自動車のトランスミッションや減速機で利用される歯車は、インボリュートによりトルク伝達はスムーズですが、歯の接触により正常な状態でも振動や騒音が発生します。振動の原因はいくつかありますが、歯のたわみやかみあい数の変化により剛性の変化が結果として振動につながります。今なおNVHの課題として広く解析されていますが、問題解決の決め手を欠く状況が続いてきました。

歯車振動解析アプローチでFEMを利用した場合、形状を充分に表現することができ、歯車ケースの振動まで予測可能ですが、現象的には動的接触を伴うため時間積分が必要です。

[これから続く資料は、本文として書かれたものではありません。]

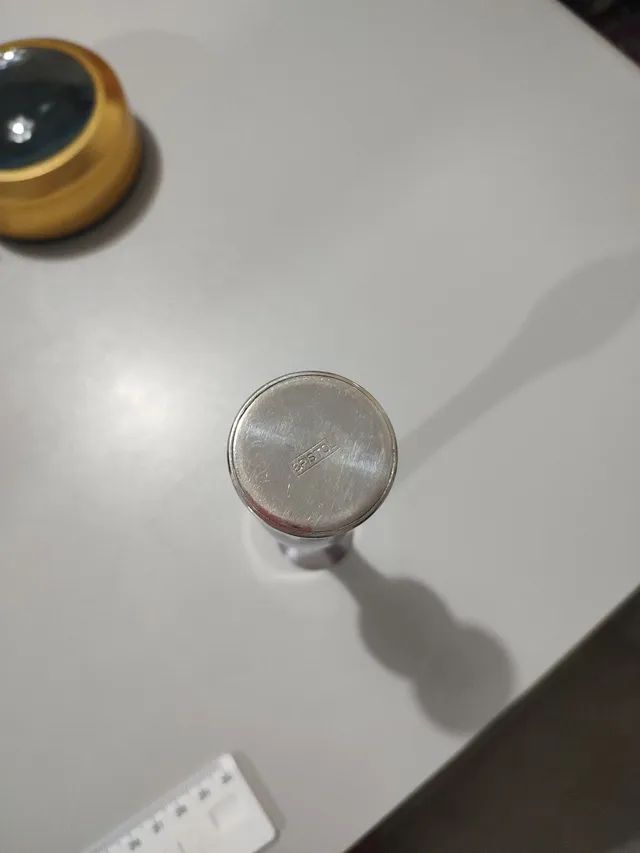 Vaso antiguidade - Foto 3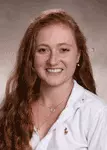 Victoria Flagg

高速で回る歯車解析においては、現実的な時間では解が得られないのが現状です。

他方、近年普及してきてきた1DCAE(SimulationX)のアプローチでは、歯車専用のエレメントが用意され、モジュールや歯数、かみあい剛性など、歯車諸元を入力するだけで短時間に歯車の挙動をシミュレートすることが可能です。FEMでは現実的でなかった歯のたわみやかみあい数の変化に起因した振動を解析できます。ただ、1DCAEでは歯車ケースの3次元的な応答までは期待できません。

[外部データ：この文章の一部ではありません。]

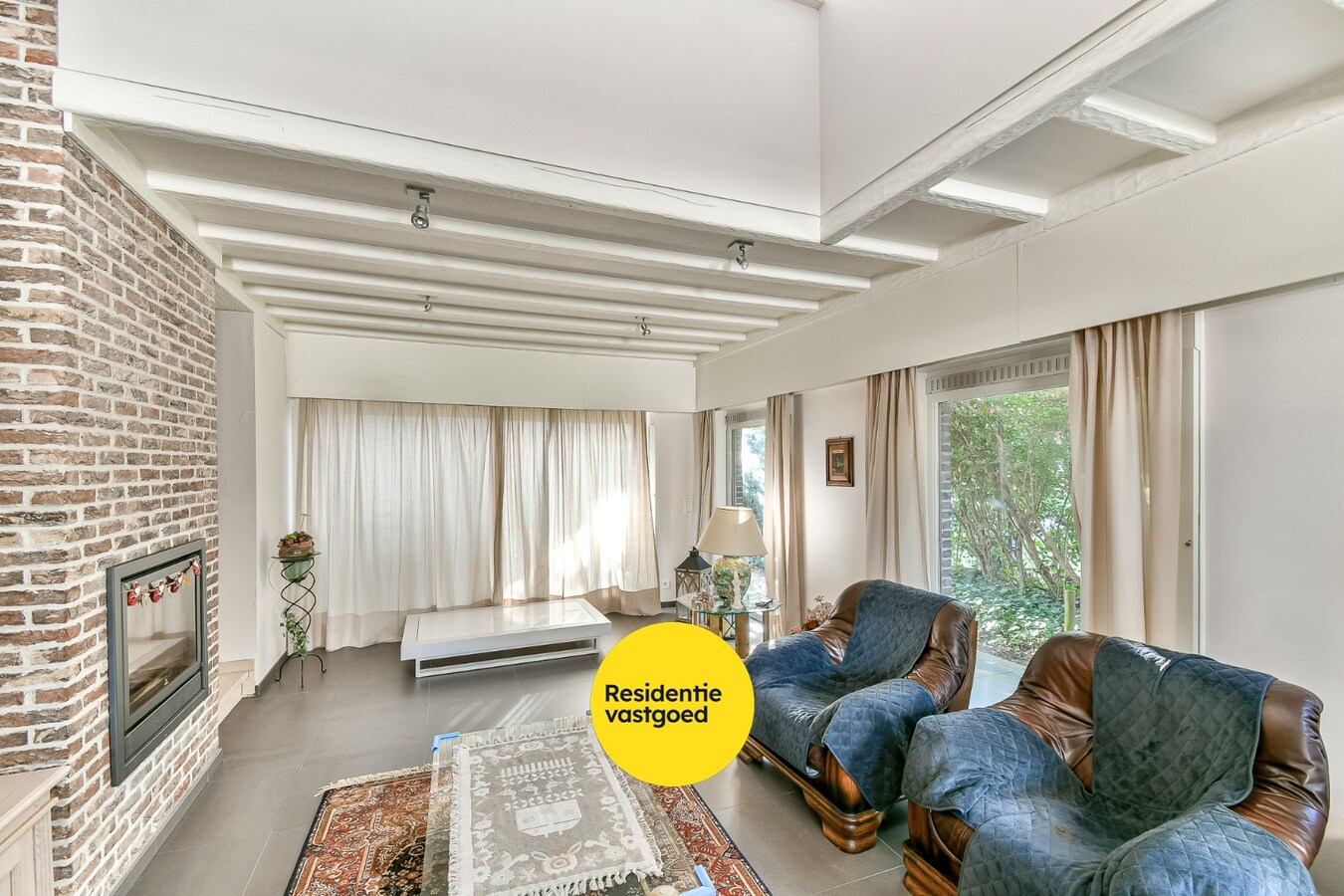 Te koop woning - Middelkerke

そこで当社はFEMと1DCAEの長所を結びつけ、歯車の振動解析を現実的に可能とする為のMOR (モデルオーダーリダクションシステム)を開発しました。これにより、非常に短時間での歯車振動のシミュレーションが実現します。

かみあい剛性

かみあい剛性はFEMより接触解析を行うことで求めることが出来ます。精度のよいかみあい剛性を計算するには、精度のよい接触解析が必要となります。ADINAでは精度のよい接触解析が短時間で実行でき、このかみあい剛性をSimulationXにインプットし、歯車同士の伝達力として動解析の中で利用できます。

MOR モデルオーダーリダクションシステム

MORは動的な有限要素モデルを低次元化し、計算時間を高速化する最新の手法を採用しています。MORはNastranやADINAから出力した剛性マトリクスを縮退します。縮退と同時に、SimulationX用のデータに変換します。

1D と FEM との 連携

上記のステップで1D と FEM との連携が可能となり、歯車ケースの振動を予測することができます。これにより歯車同士のかみあい剛性を考慮しながら、ダイナミックな歯車とケースの連動した振動を解析できます。